▶ Dataset:
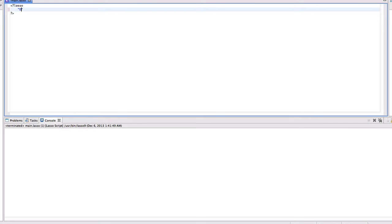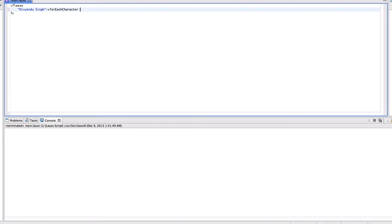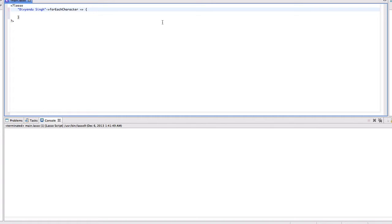Suppose I have the following string - I use my name - and I use the for each character function on it. So this function enables me to work on each character of this string.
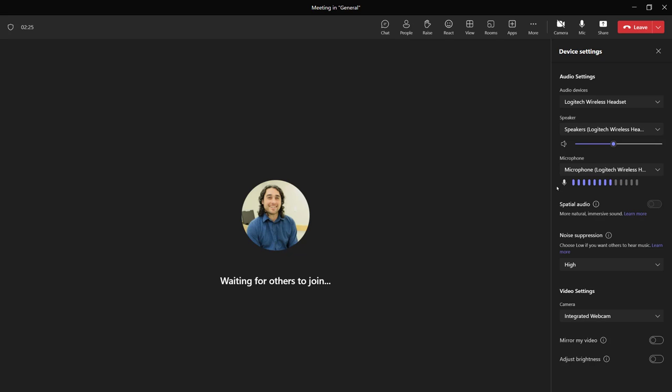So in their case, they should go to the device settings, make sure they have the right speaker picked. Maybe go to something like YouTube to make sure they can hear any sound at all and figure it out.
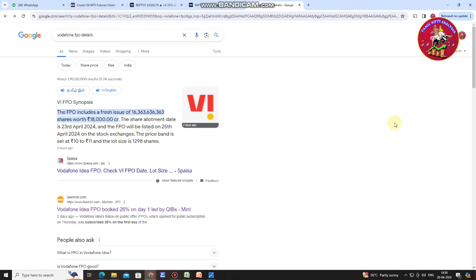Hello everyone, this is Balaji. In this video we will talk about a different topic — the market, bank index, and bank. We will cover Vodafone Idea FPO details.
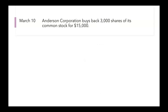On March 10th, Anderson Corporation buys back 3,000 shares of its common stock for $15,000. When a company buys back shares of stock, we call that treasury stock. So we'll be debiting our treasury stock for this journal entry. They bought it using cash, so we'll credit our cash. The amounts for this entry are simply $15,000 for both treasury stock debit and cash credit.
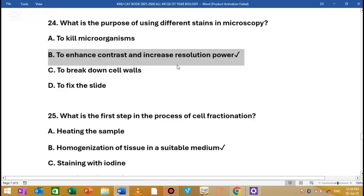For example, we have ribosomes, mitochondria, and endoplasmic reticulum. We have different colors, and we have different contrast with resolution power when using staining in microscopy.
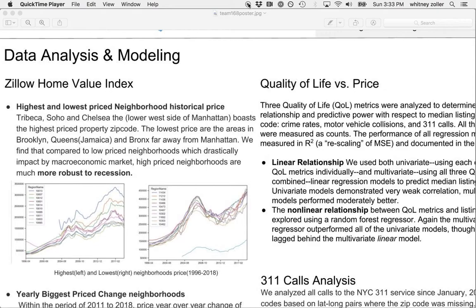Our time series analyses also found that high priced neighborhoods are more robust to recession. We analyzed year-over-year price changes over 1, 3, and 5 years, finding the biggest increases in neighborhoods near the East River in the Bronx, Brooklyn, and Queens. The largest year-over-year price percentage decreases were found in the Upper West Side, Chinatown, and the Upper East Side.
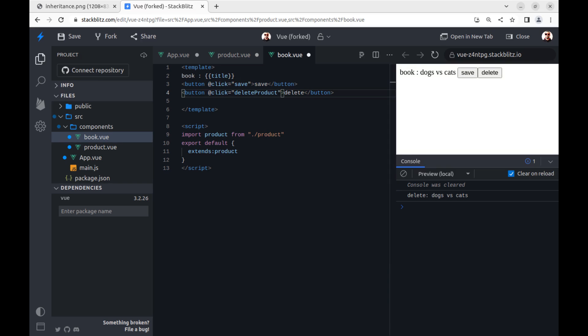And you can also create another child component from the child component, and you can do this infinitely.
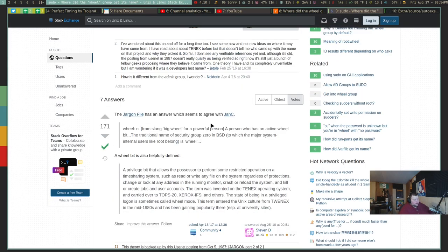It does have some source links. They said that Wheel is from the slang 'Big Wheel' for a powerful person — a person who has an active Wheel bit. The traditional name of security group zero in BSD, to which major system internal users like root belong, is Wheel. A Wheel bit is defined as a privileged bit that allows the possessor to perform restricted operations on a time-sharing system, such as read or write any file, change or look at any address in the running monitor, crash or reload the system, and kill or create jobs and user accounts.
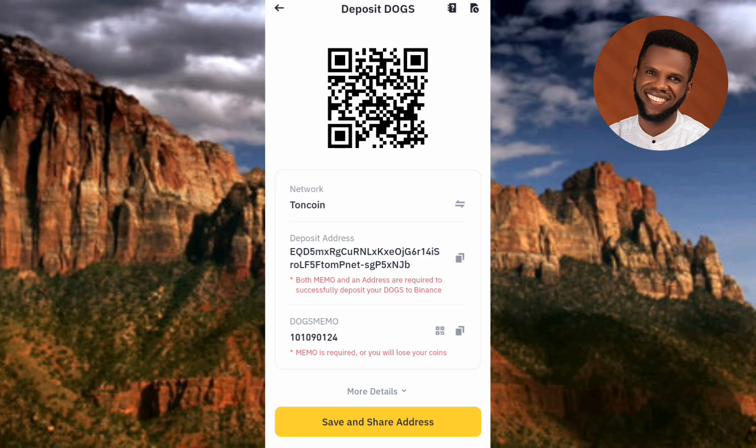I've now shown you how to copy your DOGS deposit address as well as your DOGS deposit memo on Binance. I believe this was helpful — if it was, please consider liking, subscribing, and leaving a comment. See you in the next upload — bye, peace!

▶ Task to carry out:
Could you set down nothing but the lines from the one containing "And you can also" through the last line of the records above, both ends included, exactly as given and free of pictures?

▶ Answer below:
And you can also create another child component from the child component, and you can do this infinitely.
It does have some source links. They said that Wheel is from the slang 'Big Wheel' for a powerful person — a person who has an active Wheel bit. The traditional name of security group zero in BSD, to which major system internal users like root belong, is Wheel. A Wheel bit is defined as a privileged bit that allows the possessor to perform restricted operations on a time-sharing system, such as read or write any file, change or look at any address in the running monitor, crash or reload the system, and kill or create jobs and user accounts.
I've now shown you how to copy your DOGS deposit address as well as your DOGS deposit memo on Binance. I believe this was helpful — if it was, please consider liking, subscribing, and leaving a comment. See you in the next upload — bye, peace!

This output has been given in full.